Greg Deets - A Natural Water Brother
photos courtesy of Greg Deets
by Greg Deets
posted 2005-03-15
I sometimes wonder if Greg Deets is of this world. I almost think he belongs in the oceans of the earth swimming with the creatures that go the fastest and exploring the aqueous areas that mere mortals can't get to. If ever there was a natural water brother then this guy is it. One of the Wedge-Men who pioneered a new era and way of riding the warping, sand-sucking, ass thumping monster that exists in Newport Beach on South Swells, Deets rides the spot as though he invented it. Many of his followers swear he did. He has surfed big Pipe and Lunada Bay on his chest. He takes incredible photos, studies the lineage of fish, raises amazing Dahlia's and loves to surf on anything and everything.
Greg Deets walks, talks, and hangs out on the ragged edge of an artificial reef he calls home, making him the unheralded king of the Shitpipe in LA. He is the hero to many a military man as he makes bar none the finest power swim fin on the face of the earth, The UDT. And if you're not smart enough to figure that out, it means Underwater Demolition Team and that spells Frogman as in SEAL. His fins are in high demand the world over.
Greg runs fast these days and is very busy with everything from hybridizing Dahlia's, to studying and testing water quality, to maintaining the UDT fins he has religiously resurrected from the dead. He surfs daily on everything from his Neumatic "Triscuit" mats, to Toby Quads, and of course his amazing ability to bodysurf. Deets must have gills for as much time as he spends in the ocean. Here, in his own words (and a few of his admirers), is how this human BS (Body Surfing) Seal has seen it all from out in the line-up because that is usually where you'll find him.
- KM
Diversification - A Segue to Resurrection
Holy mother of God, has it really been this long? I sit here typing up part of this invited interview, trying to find a way to make a semi-relevant watered-down autobiography of my life half-way interesting to the web-addicted out there in cyberburbia, and I realize... Christ almighty, I am in my 38th year of wave riding!!
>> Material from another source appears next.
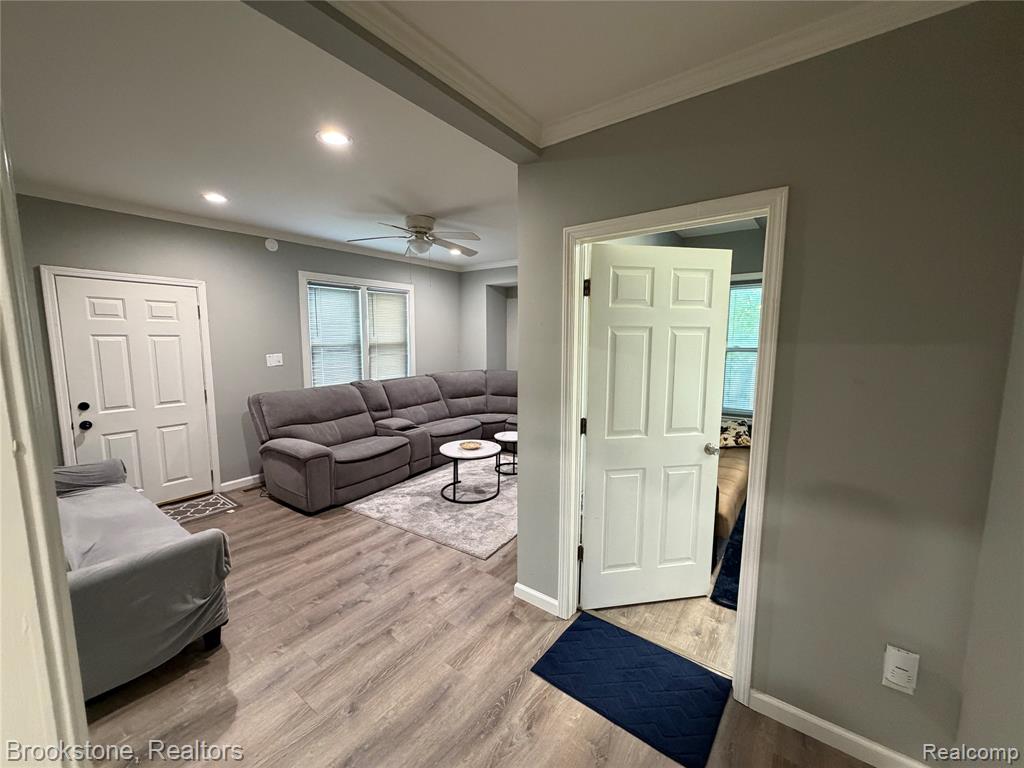 23151 Lawson Avenue Property Photo 9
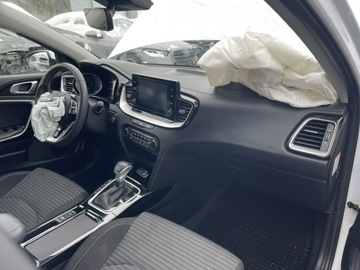 Kia Ceed III Kombi Facelifting 1.6 GDI PHEV 141KM 2023 Kia Cee&#039;d Hybryda Plug IN Automat Kamera, zdjęcie 10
I started at the age of 11 down in the then often empty waves of 40th Street El Porto, having absolutely no idea where that first wave bodysurfed straight in to shore with one shoe-fin (Cressi-Rondine dive fin) would inevitably lead. But for now, it will suffice to say, that the defining moment took me much further than the shoreline and it seems I haven't pulled out of that foamer yet. It magically seems to keep reforming.
Funny, I'm not sure how to kick off an autobiography concentrating on bodysurfing, fins, and other wave riding methods. In any case, it begins in the summer of 1969; I think... how's that Brian Eno song go again...
The passage of time
Is flicking dimly up on the screen
I can't see the lines
I used to think I could read between
And we're pulling out of the summer of love era and into glitter.
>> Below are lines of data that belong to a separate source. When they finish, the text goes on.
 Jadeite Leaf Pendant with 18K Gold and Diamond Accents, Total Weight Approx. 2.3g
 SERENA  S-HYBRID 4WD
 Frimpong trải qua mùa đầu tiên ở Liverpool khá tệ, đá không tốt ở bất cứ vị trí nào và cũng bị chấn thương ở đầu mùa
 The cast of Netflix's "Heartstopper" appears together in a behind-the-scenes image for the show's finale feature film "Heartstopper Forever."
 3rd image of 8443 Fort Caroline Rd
The AM radios all over the beach nearly create a stereo-effect as one cannot escape the constant barrage of KHJ blasting Crystal Blue Persuasion (which I immediately associated with my ocean love and life). I have an incredible love for bodysurfing. The feeling of the waves, the swimming, the sun, the sunsets, the organisms...I like the various weird marine invertebrates. One thing i really liked to do was to fill my mouth up with sand crabs and run up on the beach where our little group of guys and gals hung out and just lay next to one of the girls and open my mouth and have all the sand crabs come wiggling' out!! God, they would scream and run. Yeah! The girls just couldn't get enough of me...
As I matured, less sand crab events happened. Then my first pair of green Churchill's came. A gift from my now deceased parents on Christmas morning when I was 15. It was obvious that some vector, if not the vector, in my life was set. The summer of 1972 found me completely obsessed. 16 years old, long hair, blasting Bowie's Ziggy Stardust and really becoming a bit wild and socially unacceptable. My bodysurfing ability exponentially leaped that summer for one or two reasons... or both.
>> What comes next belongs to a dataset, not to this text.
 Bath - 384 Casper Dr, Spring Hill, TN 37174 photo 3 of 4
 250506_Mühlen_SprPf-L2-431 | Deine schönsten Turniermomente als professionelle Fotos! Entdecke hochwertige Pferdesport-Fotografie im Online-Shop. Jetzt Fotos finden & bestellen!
One reason is sort of funny, well at least with hindsight it is. My friends Hugh Berenger, Sick, Troy Atkeson, Paul Koppleman, Mike Parks, Tuna - the gay mahoney, Cumson, Greg Lappen and I would often get to the beach just before sunrise to get the morning glass. It was in these early hours a few older men of very questionable sexual affiliation would come over to us and sit by our towels and talk to us with their eyes glazed over!!! We knew something was not right and scary so we would flip on our fins and tear out into the water bodysurfing or kneeboarding. We would stay out for hours and hours and hours and hours until they finally shimmied away... we became very strong swimmers and good wave riders since we were too scared to go back on land!!!